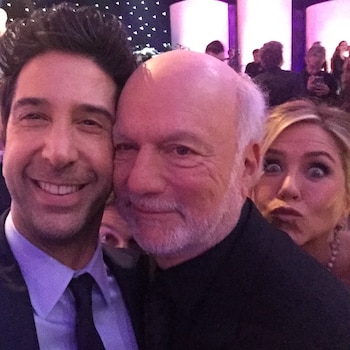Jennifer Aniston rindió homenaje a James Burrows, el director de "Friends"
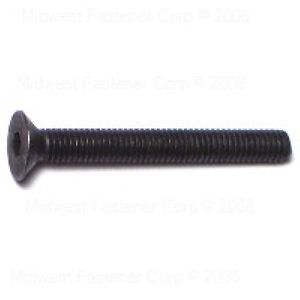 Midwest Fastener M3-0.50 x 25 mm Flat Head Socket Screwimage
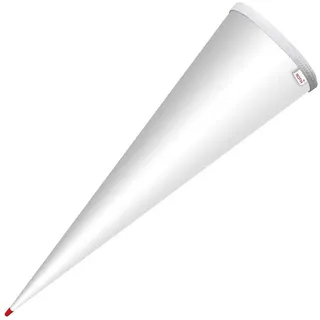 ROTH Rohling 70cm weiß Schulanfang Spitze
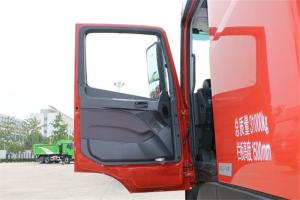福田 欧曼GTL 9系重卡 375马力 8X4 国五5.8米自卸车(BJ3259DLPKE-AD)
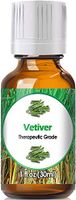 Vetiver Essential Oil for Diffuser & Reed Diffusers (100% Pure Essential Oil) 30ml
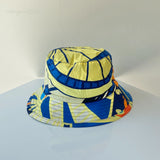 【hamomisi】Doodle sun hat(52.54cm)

◆ ◆ ◆ ◆ ◆ ◆ ◆

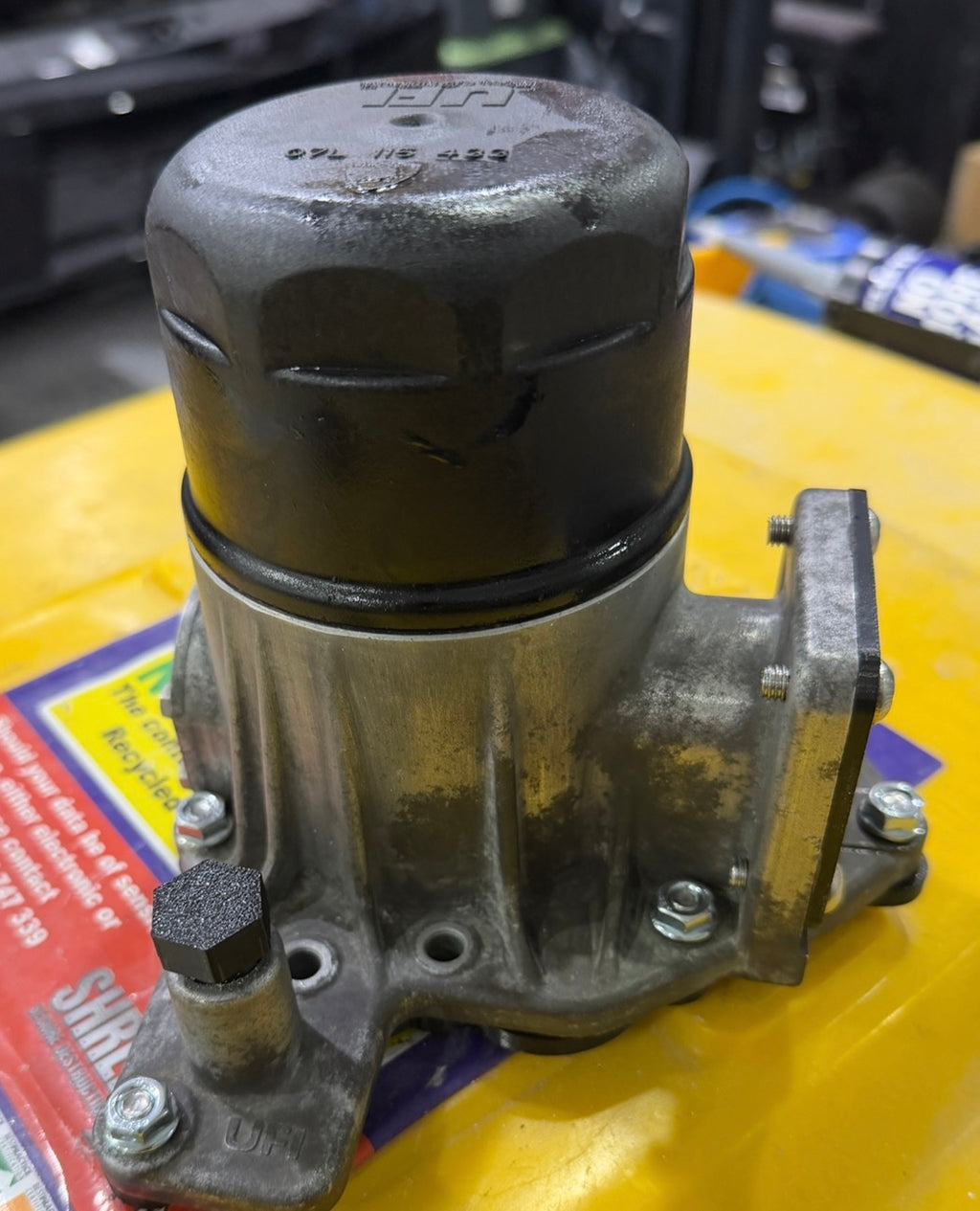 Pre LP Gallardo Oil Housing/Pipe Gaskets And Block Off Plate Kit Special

◆ ◆ ◆ ◆ ◆ ◆ ◆

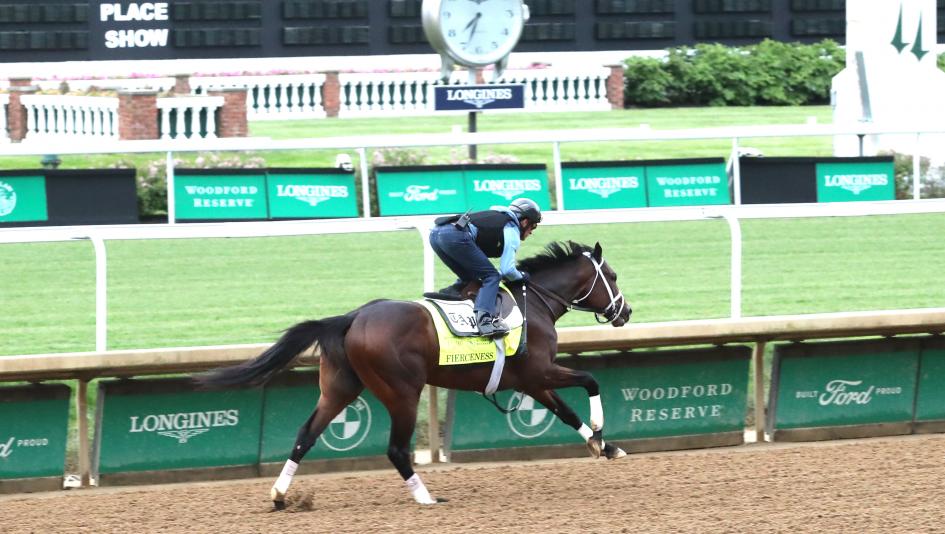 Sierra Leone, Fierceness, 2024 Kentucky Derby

◆ ◆ ◆ ◆ ◆ ◆ ◆

** Aim of the task **
Return the stretch of data that begins with the line showing "Jennifer Aniston rindió" and goes on through the line showing "Vetiver Essential Oil", exactly, with pictures removed.

** Written answer **
Jennifer Aniston rindió homenaje a James Burrows, el director de "Friends"
 Midwest Fastener M3-0.50 x 25 mm Flat Head Socket Screwimage
 ROTH Rohling 70cm weiß Schulanfang Spitze
福田 欧曼GTL 9系重卡 375马力 8X4 国五5.8米自卸车(BJ3259DLPKE-AD)
 Vetiver Essential Oil for Diffuser & Reed Diffusers (100% Pure Essential Oil) 30ml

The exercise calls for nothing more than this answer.